Pumpkin - There's a Party Theme Goin' On!
October and pumpkins - they go together like salt and pepper, sugar and spice, Laurel and Hardy... you get the idea. And give me a few pumpkins and I can throw one very cool dinner party!
First, the table decor. To add to the table decor and create ambience, I would cut a candlestick-sized hole in three or five small pumpkins (we call them "pumpkinettes"), place candles in them, and set them down the middle of the table with brightly colored dried leaves arranged around them. A clever neighbor did more carving on them and created pretty votives for her party.

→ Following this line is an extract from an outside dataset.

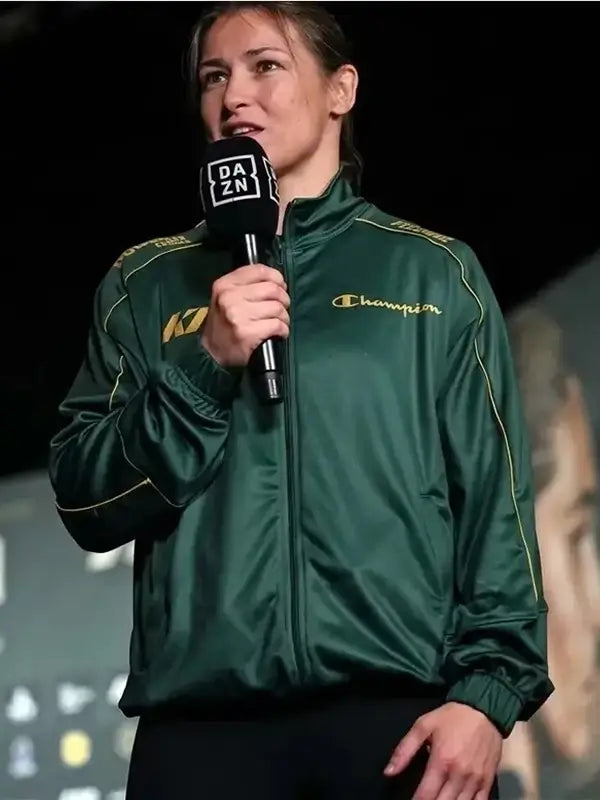 Croke Park Conference Katie Taylor Green Jacket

I also liked to use the tiniest pumpkins I could find as place card holders. With a slit cut at and angle in the squash itself, or in the stem, they held hand-lettered name cards nicely.
Next, food. The tough outer rind of the pumpkin makes it a perfect casserole dish. Yes. Wash it well, cut the top off and scoop out all the fiber and seeds. Then fill with your favorite casserole recipe. We always used a rice and ground beef recipe.

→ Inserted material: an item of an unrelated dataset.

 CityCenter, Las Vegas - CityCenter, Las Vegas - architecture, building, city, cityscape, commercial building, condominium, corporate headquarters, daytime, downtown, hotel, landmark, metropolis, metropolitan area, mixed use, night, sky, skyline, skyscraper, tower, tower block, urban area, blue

The reason a pumpkin makes such a fine casserole container is because the meat of this squash has little to no flavor on its own. It takes on the flavor of, and blends well with, whatever it is cooked with. Just follow your recipe directions in terms of baking - think of this pumpkin container as an edible Corning Ware dish. And you can see from the picture, like Corning Ware, you can serve from it.
That's the point - it looks so neat on the table! (Hint: Be sure, as the picture shows, to set the "casserole dish" on a serving platter so that if you happen to be a little too aggressive when dishing up the food and cut through the rind when serving, the casserole contents stays on the platter and doesn't leak onto your tablecloth.)
I use the same idea for a punch bowl. Just cut the top off, scoop out all the fiber and seeds and place dry ice chunks inside. Then add your punch and watch the fun begin as the spooky mist and fog emerges from the "punchbowl." Some folks will line their pumpkin with a glass bowl before adding the punch. We never did that and the punch was always just fine.
OR, it can work well as an ice bowl to keep your bottled drinks chilled!
But if you don't want to go the punchbowl route, try a pumpkin smoothie to round out the meal. This is one of the most nutritious pumpkin treats you can find. With only 50 calories per serving, a powerful dose of beta-carotene, and more than 100% of your daily vitamin A requirement, this thick and tasty smoothie squashes (food pun intended) all the competition (in comparison to the 400- to 600-calorie smoothies sold in stores nationwide).
Pumpkin SmoothieMakes 3 Servings
1/2 C canned (or home-cooked) pumpkin
2/3 C low-fat milk
1/2 banana (optional)
1/4 tsp cinnamon
1/8 tsp nutmeg
1 Tbsp sugar (I substitute 1 tsp stevia powder)
1 tsp vanilla
6 ice cubes
Mix all ingredients together in the blender and puree to your liking.